Today is the first day I’ve had breast cancer. Well, actually yesterday, because it’s after 2 a.m. And I suppose, technically, that I’ve had breast cancer for a while, but I didn’t know it until today. Yesterday. October 5, 2017. Whatever.
About a month ago. I found this big honkin’ lump in my breast. Didn’t hurt. But…lump…breast…yeah, time to go to the doctor. While I’ve never been much for self-examinations (they just always feel like boob to me), I was a little surprised I hadn’t noticed this one. (Note to self: just because you can’t feel a lump when you are lying down doesn’t mean there isn’t a lump. Stand up, you fool.)
So I went to the doctor’s office. I’d planned on going anyhow to ask for Assistance in No Longer Being Morbidly Obese. And Leslie, the nurse practitioner, being, well, a medical professional, sent me off to St.
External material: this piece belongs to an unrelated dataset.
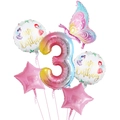 Set de globos arcoíris número 3 con mariposa y estrellas rosas para fiesta de 3 años - Estilo Número 3 (Set de Mariposa Azul y Rosa 3)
David’s Breast Center in Austin. (I tend to just call it the Breast Center because otherwise I think of it as a Center for St. David’s Breasts. This is how my brain works.) I may end up sharing the hilarity that ensued while beginning my Journey to Better Health in another post, but this one is about my lovely purple world (purple being my very bestest, most favoritest color in the whole wide entire world for the past 50 years or so) colliding with pink. Breast cancer pink. Titty pink, if you will.
Here’s what happens to your world when pink meets purple: it changes the color. It’s still purple, to be sure, but it’s a new and different purple. A purple you’ve never experienced before. A purple you hadn’t planned on having, and one you will have no matter how much you love your old purple. And I love my old purple. I went for years wearing something purple every single day. Might just be nail polish, or eye shadow, but by gosh by golly, I was wearing me some PURPLE. I’ve had a purple car, lived in a purple house, eaten off purple dishes, had a drawer full of purple undies, and worn lavender essential oil as my fragrance. My status as an afficionado is not to be questioned.
When pink invaded my purple, the byproduct was three words: Invasive Lobular Carcinoma. The word cancer is scary, but the word invasive is more so. That means my pink is no longer self-contained and is searching for new worlds to infest. Beyond the milk-producing lobules (I’ll say it for all of us: ewwwww) and onward to Outer Boobdom and possibly beyond. We don’t know yet. This route cannot be found on Google Maps.
So how do I feel? Fine, for the most part. I think. I mean, I can’t un-cancer. How lovely it would be, wouldn’t it, if you could un-cancer yourself and the world around you? I’d say there is no use crying over spilt milk but that makes me think of my cancerous lobules and that is a very unattractive word–like globules without the g. Let’s just say I’d rather spend my energy exploring my new purple, following the path to wellness, and maybe learning something in the meantime.
I have some friends and acquaintances who’ve had their worlds turned pink by breast cancer. My beloved friend Jena has trod this road already–different histories but the same cancer. She dealt with it with grace and finesse and a stainless steel backbone. (I can hear her laughing from 300 miles away and it hasn’t even been posted yet. You did, Jena, you did, even if it didn’t feel like it.) My journey is just beginning, and hers has reached a happy ending. Everyone’s path is different, but someone who has navigated some of the pitfalls can be such a comfort.
So my next step is to join forces with Texas Oncology and put together a map of my path. And read up on my pinkness, but only at doctor- and Jena-recommended websites because I don’t plan to scare myself to death before I can even start treatment. I mean, really. Some websites can, I’m sure, make a completely curable cancer sounds like the Black Plague. Hell, they can make the common cold sound like the Black Plague.
Maybe having my purple changed by pink won’t be so bad. It is, after all the color of hope and strength and courage. We’ll see.